All the male members of the family were then and are even now minors. There is no evidence that the Bank knew of the minors' addresses after they had migrated from Wazirabad and in the peculiar circumstances that prevailed there, it is impossible to hold that the Bank, even after reasonable inquiry, could have found the whereabouts of these minors or of the widows of the family. Notice of dishonour to any other person would not have been of any use to the parties. As the minors are not capable of contracting, it appears to me obvious that the notice of dishonour to the minors was not necessary and must be excused.
Moreover, the defendants in 1948 could not and did not suffer any damage for want of notice as the minors could not do anything in the matter when Haridas Gopaldas had reported that there was no money of the family lying with tho firm. I am, therefore, of the opinion that the notice of dishonour in the present case was not necessary in view of the provisions of Section 98 of the Negotiable Instruments Act and that 'the Bank is entitled to realise this amount from tho defendants.
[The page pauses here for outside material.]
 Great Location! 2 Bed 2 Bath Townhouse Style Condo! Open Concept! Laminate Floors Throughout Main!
6. The cheque for Rs. 950/- was in favour of Ladha Mal drawn on the Imperial Bank Ban-chi. This cheque was delivered to the plaintiff. Bank on the 5th of August, 1947. This cheque was posted to Ranchi and the Imperial Bank received it on the 12th of August 1947. The Imperial Bank, however, did not honour it on the ground that the drawer had had his account transferred from that Branch to Pakistan. These facts were not disputed before us. In thiscase also the defendants' plea is that the Bank should have given notice to the minor-defendants, but there is no force in this contention. Moreover, the minors did not suffer for want of notice as the amount had been transferred from Ranchi even before the cheque was delivered to the plaintiff-Bank, although without knowledge of such a transfer. Neither the Bank, nor the defendants could realise this amount from the drawer of the cheque considering the conditions prevailing at that time. I am, therefore, of the opinion that the Bank is entitled to receive payment of this amount from the defendants.
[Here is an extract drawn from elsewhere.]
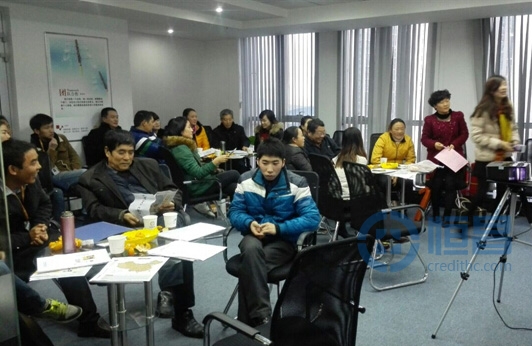 襄陽分公司舉辦“3.15金融大講堂”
7. The last transaction relates to a hundi drawn by Ladha Mal and sons on the 7th of August. 1947 for Rs. 5,000/- on Ganeshilal Jagdishparshad ,of Delhi. This hundi was payable on demand. The Bank's case is that the conditions in Wazirabad after the 7th of August 1947 were so bad that the Bank could not effectively function, and Balkishan P.W.5, who was at that time working as a clerk in the Wazirabad Branch of the Bank, has stated that he had sent his chaprasi to the Post Office to get eight or ten articles registared, but the Post Office did not accept them on the 9th of August, 1947. He was of course unable to say whether this particular hundi was despatched or not. The fact, however, remains that this hundi was salvaged in February 1948 from the papers of the Bank that were received from Wazirabad. The Bank succeeded in bringing this hundito India and presented it to the drawee on the 19th of March, 1948. The drawee, however, refused to honour this hundi. The trial Court has held that the Bank was responsible for the late presentation of the hundi, and, therefore the defendants are not liable to make payment of this amount. Taking into consideration the conditions that prevailed in Wazirabad in August 1947 and thereafter till February 1948, I am not inclined to hold that the Bank was negligent in . presenting the hundi to Messrs. Ganeshilal Jagdishparshad of Delhi.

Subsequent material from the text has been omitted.